ABOUT THIS TASK → Output the data below line for line, exactly, up to and including the line where "Villa Vinka - Three" appears.

══ SOURCE RECORDS ══

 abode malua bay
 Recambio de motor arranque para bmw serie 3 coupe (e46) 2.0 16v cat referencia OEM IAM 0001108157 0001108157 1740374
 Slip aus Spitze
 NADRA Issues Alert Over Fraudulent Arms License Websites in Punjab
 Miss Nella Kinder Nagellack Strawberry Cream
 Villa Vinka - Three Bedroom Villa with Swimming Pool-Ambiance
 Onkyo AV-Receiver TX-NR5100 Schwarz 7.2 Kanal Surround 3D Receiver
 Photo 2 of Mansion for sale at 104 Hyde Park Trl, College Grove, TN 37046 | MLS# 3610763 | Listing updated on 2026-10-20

═══

TASK RESPONSE →
 abode malua bay
 Recambio de motor arranque para bmw serie 3 coupe (e46) 2.0 16v cat referencia OEM IAM 0001108157 0001108157 1740374
 Slip aus Spitze
 NADRA Issues Alert Over Fraudulent Arms License Websites in Punjab
 Miss Nella Kinder Nagellack Strawberry Cream
 Villa Vinka - Three Bedroom Villa with Swimming Pool-Ambiance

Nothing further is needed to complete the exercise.